Fermati, buttati a terra e picchiati;ammanettati e, infine, portati via a sirene spiegate. E’ la sorte di 10 persone - nove eritrei e un etiope - che avevano tentato una fuga disperata dal Centro di permanenza temporanea di Siracusa. Anzi da una sua succursale visto che in quel Cpt non c’è più posto neanche per uno spillo.
E’ accaduto domenica sera alla stazione ferroviaria della città siciliana e di
fronte a quella scena il signor Pasquale Pedace, 37 anni, iscritto all’Associazione antirazzista 3 febbraio, è intervenuto chiedendo rispetto e dignità per quelle persone: «Non sono bestie - ha timidamente fatto presente agli agenti - sono esseri umani...».
«Lei chi è - ha immediatamente intimato uno dei poliziotti - lei non è nessuno». Preso, ammanettato e portato via anche il signor Pedace. Da quella sera nessuno sa dove sia finito nè che fine abbia fatto.

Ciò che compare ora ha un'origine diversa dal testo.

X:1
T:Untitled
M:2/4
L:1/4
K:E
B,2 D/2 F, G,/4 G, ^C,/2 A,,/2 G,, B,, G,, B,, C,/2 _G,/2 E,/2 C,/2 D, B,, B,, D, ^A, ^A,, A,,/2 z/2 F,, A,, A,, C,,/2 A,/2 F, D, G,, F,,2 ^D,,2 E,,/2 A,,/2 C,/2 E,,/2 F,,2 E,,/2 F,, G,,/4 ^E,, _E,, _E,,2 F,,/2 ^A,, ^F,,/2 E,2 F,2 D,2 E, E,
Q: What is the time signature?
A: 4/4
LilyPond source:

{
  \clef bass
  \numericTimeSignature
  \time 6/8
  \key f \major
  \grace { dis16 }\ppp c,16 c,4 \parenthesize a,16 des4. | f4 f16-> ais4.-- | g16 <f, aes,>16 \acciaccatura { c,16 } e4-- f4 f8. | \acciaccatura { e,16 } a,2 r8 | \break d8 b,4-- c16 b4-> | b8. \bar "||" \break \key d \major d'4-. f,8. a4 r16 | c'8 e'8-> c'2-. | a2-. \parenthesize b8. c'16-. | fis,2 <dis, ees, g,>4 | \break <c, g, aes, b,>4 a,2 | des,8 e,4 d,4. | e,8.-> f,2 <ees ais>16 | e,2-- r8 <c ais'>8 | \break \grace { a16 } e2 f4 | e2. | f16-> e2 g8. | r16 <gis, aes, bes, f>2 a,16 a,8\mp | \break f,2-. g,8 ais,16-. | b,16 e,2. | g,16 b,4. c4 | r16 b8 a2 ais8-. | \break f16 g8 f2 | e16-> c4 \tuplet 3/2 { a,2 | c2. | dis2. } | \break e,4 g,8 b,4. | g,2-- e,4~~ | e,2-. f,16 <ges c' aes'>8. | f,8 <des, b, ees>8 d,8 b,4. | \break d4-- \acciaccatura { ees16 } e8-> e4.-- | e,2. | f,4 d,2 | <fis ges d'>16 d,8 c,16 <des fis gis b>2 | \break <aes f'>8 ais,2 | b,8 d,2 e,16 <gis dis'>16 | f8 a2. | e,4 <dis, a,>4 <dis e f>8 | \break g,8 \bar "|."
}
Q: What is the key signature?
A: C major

«Eravamo in stazione in attesa del treno delle 20.25 per Napoli - racconta Manuela, un’amica di Pasquale - D’improvviso abbiamo sentito un colpo di pistola proveniente dal sottopassaggio seguito dall’arrivo di 4 poliziotti che sono saliti sul treno
e hanno preso tutti i migranti che erano lì. Pasquale, terrorizzato come tutti noi, ha provato a chiedere rispetto per quei poveri disgraziati ma la polizia lo ha preso e lo ha portato via senza alcuna spiegazione e senza alcun motivo».
Ma in questura il motivo di quell’arresto l’hanno trovato: «Il signor Pedace - spiega a Liberazione uno zelante funzionario di polizia - incitava e aizzava
gli immigrati alla ribellione, spingendo gli agenti per impedire la fuga dei suddetti tanto che un collega veniva ferito e riportava contusioni guaribili in 15 giorni». E il colpo di pistola in aria? «Non ci risulta - aggiunge il funzionario - gli agenti erano intervenuti per prendere 10 immigrati clandestini fuggiti dal Centro di prima accoglienza e che ancora dovevano essere identificati».

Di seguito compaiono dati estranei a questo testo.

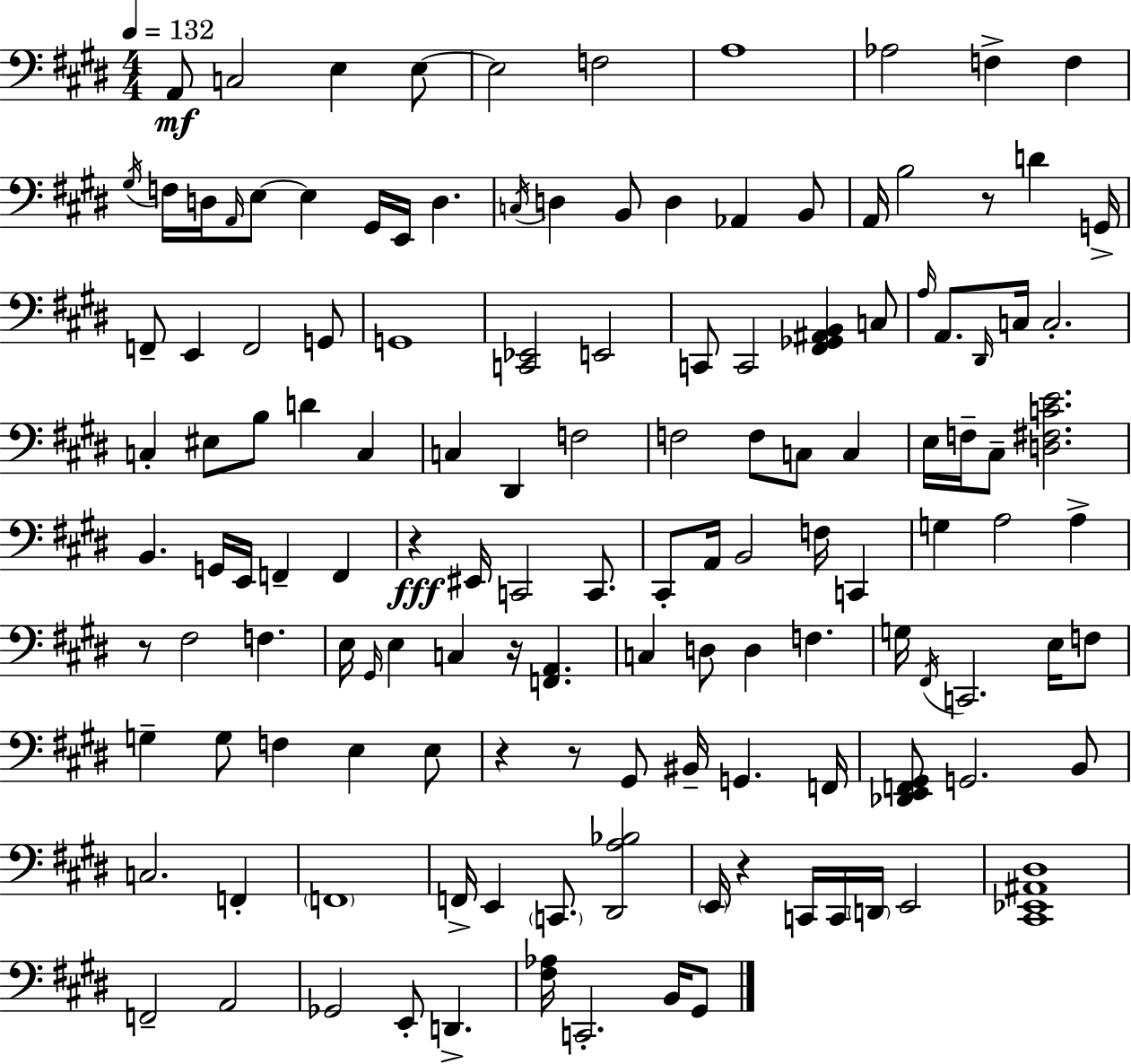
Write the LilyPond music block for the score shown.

{
  \clef bass
  \numericTimeSignature
  \time 4/4
  \key e \major
  \tempo 4 = 132
  \repeat volta 2 { a,8\mf c2 e4 e8~~ | e2 f2 | a1 | aes2 f4-> f4 | \break \acciaccatura { gis16 } f16 d16 \grace { a,16 } e8~~ e4 gis,16 e,16 d4. | \acciaccatura { c16 } d4 b,8 d4 aes,4 | b,8 a,16 b2 r8 d'4 | g,16-> f,8-- e,4 f,2 | \break g,8 g,1 | <c, ees,>2 e,2 | c,8 c,2 <fis, ges, ais, b,>4 | c8 \grace { a16 } a,8. \grace { dis,16 } c16 c2.-. | \break c4-. eis8 b8 d'4 | c4 c4 dis,4 f2 | f2 f8 c8 | c4 e16 f16-- cis8-- <d fis c' e'>2. | \break b,4. g,16 e,16 f,4-- | f,4 r4\fff eis,16 c,2 | c,8. cis,8-. a,16 b,2 | f16 c,4 g4 a2 | \break a4-> r8 fis2 f4. | e16 \grace { gis,16 } e4 c4 r16 | <f, a,>4. c4 d8 d4 | f4. g16 \acciaccatura { fis,16 } c,2. | \break e16 f8 g4-- g8 f4 | e4 e8 r4 r8 gis,8 bis,16-- | g,4. f,16 <des, e, f, gis,>8 g,2. | b,8 c2. | \break f,4-. \parenthesize f,1 | f,16-> e,4 \parenthesize c,8. <dis, a bes>2 | \parenthesize e,16 r4 c,16 c,16 \parenthesize d,16 e,2 | <cis, ees, ais, dis>1 | \break f,2-- a,2 | ges,2 e,8-. | d,4.-> <fis aes>16 c,2.-. | b,16 gis,8 } \bar "|."
}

Ma la versione dei testimoni è del tutto diversa: «Non è vero - continua Manuela - Pasquale non si è mai neanche sognato di intervenire fisicamente.
Era scosso e terrorizzato come tutte le persone presenti in stazione per i modi brutali dei poliziotti che tenevano quelle 10 persone a faccia in giù e con i piedi sulla schiena minacciandole in continuazione.

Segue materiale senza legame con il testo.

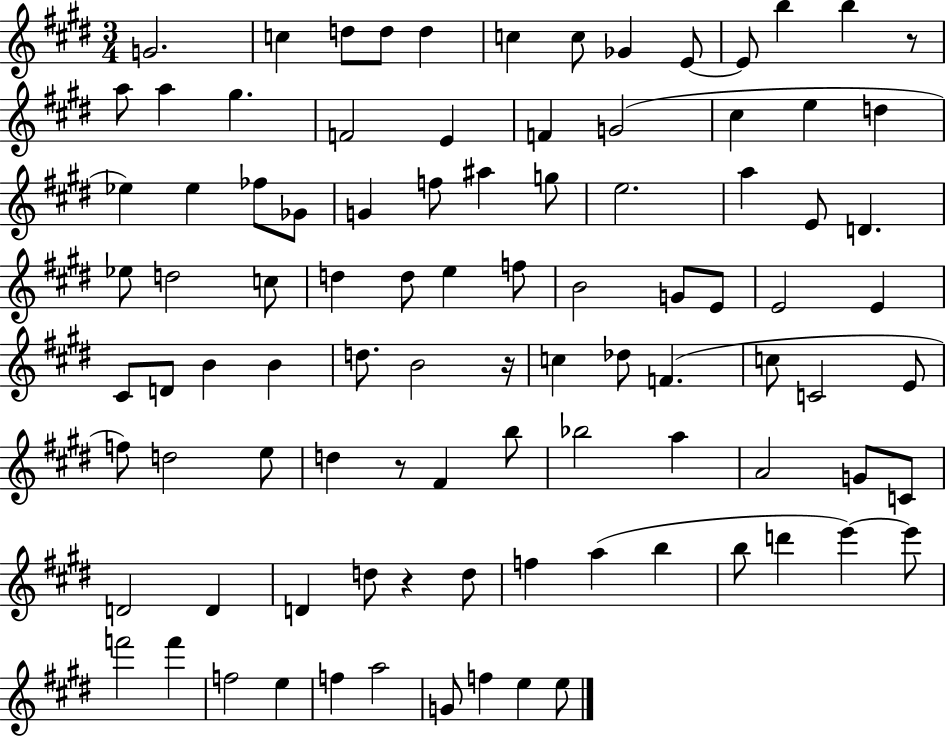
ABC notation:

X:1
T:Untitled
M:3/4
L:1/4
K:E
G2 c d/2 d/2 d c c/2 _G E/2 E/2 b b z/2 a/2 a ^g F2 E F G2 ^c e d _e _e _f/2 _G/2 G f/2 ^a g/2 e2 a E/2 D _e/2 d2 c/2 d d/2 e f/2 B2 G/2 E/2 E2 E ^C/2 D/2 B B d/2 B2 z/4 c _d/2 F c/2 C2 E/2 f/2 d2 e/2 d z/2 ^F b/2 _b2 a A2 G/2 C/2 D2 D D d/2 z d/2 f a b b/2 d' e' e'/2 f'2 f' f2 e f a2 G/2 f e e/2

A quel punto, e a molta distanza da loro, Pasquale ha chiesto solo un po’ di rispetto. Ma di fronte alla sua semplice richiesta un poliziotto in borghese, probabilmente il più alto in grado, ha urlato ai suoi di arrestarlo e portarlo via».
Ma la cosa che più di ogni altra preoccupa gli amici è la sorte del signor asquale: «Nessuno ci dice nulla. Abbiamo chiesto ai poliziotti che lo avevano
fermato, ma di fronte alle nostre richieste loro neanche rispondevano.
Neanche ci guardavano in faccia, semplicemente ci ignoravano quasi noi non esistessimo. Alla fine siamo andati in questura dove, dopo ore di insistenze, ci hanno liquidato confermando l’arresto di Pasquale. Fatto sta che da domenica non abbiamo più notizie di lui».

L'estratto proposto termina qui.